Short web captions:
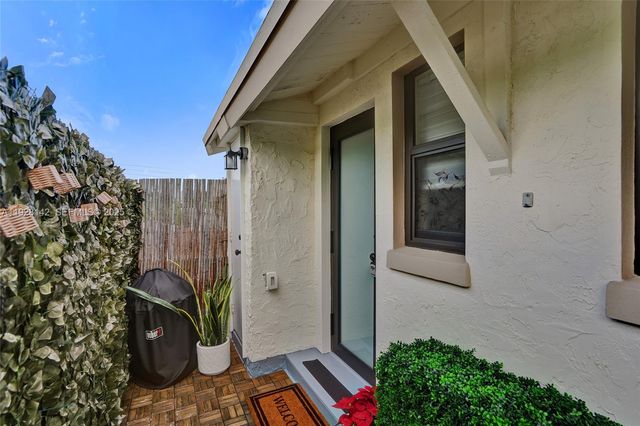 1721 SW 13th St 4, Miami, FL 33145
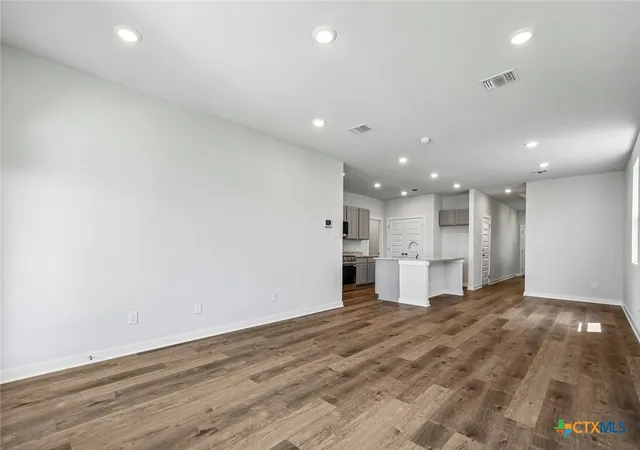 Photo 4 of Single family home for sale at 237 Escape Way, Jarrell, TX 76537 | MLS# 613540 | Listing updated on 2026-09-11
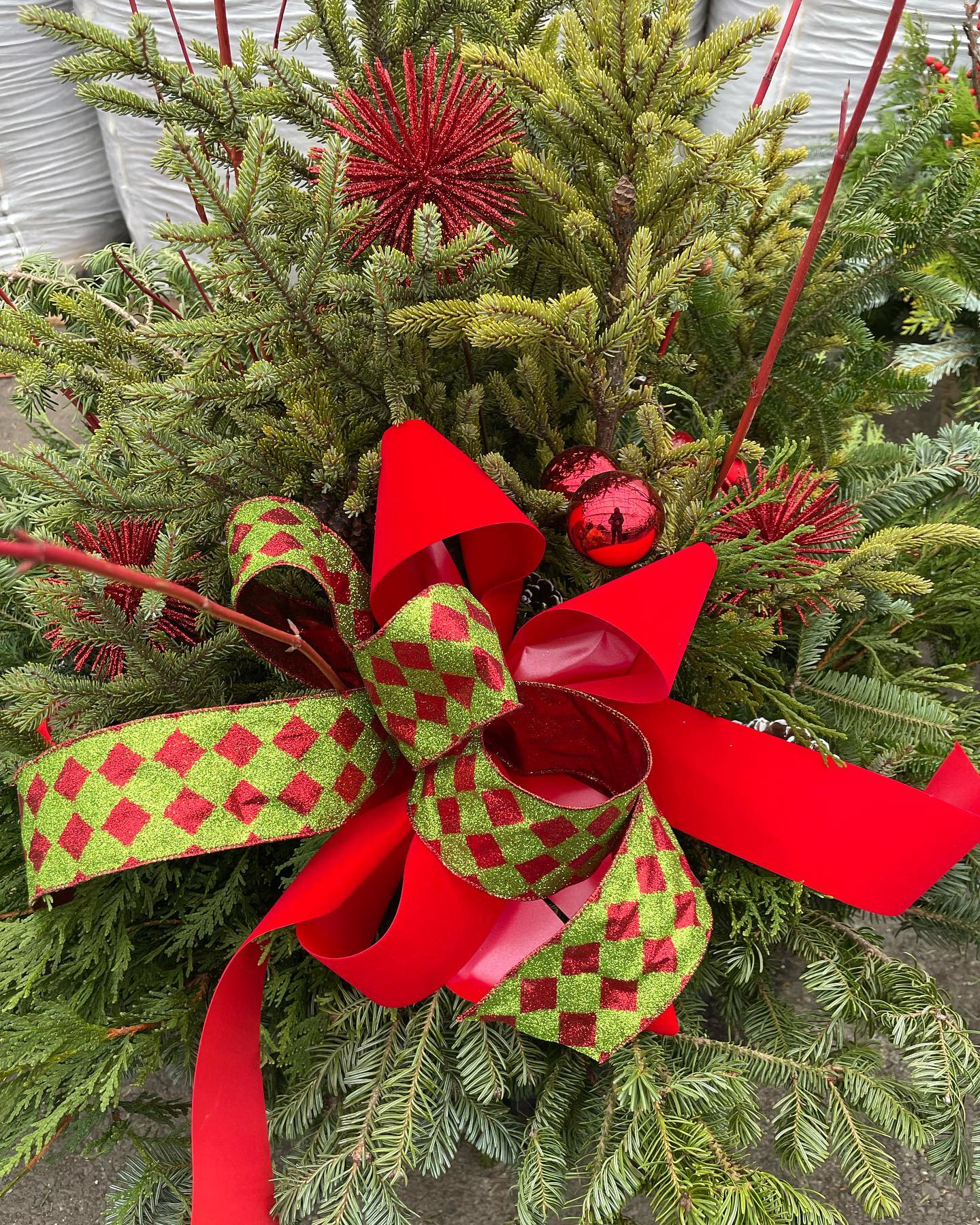 holiday porch pot 2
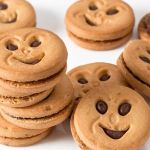 Biscoito com grampo gera indenização por dano moral de R$ 4 mil; entenda 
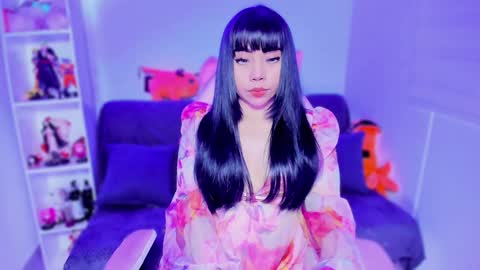 Hinata online show from 3, 12, 2024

◆ **Exercise**:
Reproduce verbatim, and only, the lines starting at the one that contains "Biscoito com grampo" and ending with the final line of the records; leave out the pictures.

◆ **Output**:
 Biscoito com grampo gera indenização por dano moral de R$ 4 mil; entenda 
 Hinata online show from 3, 12, 2024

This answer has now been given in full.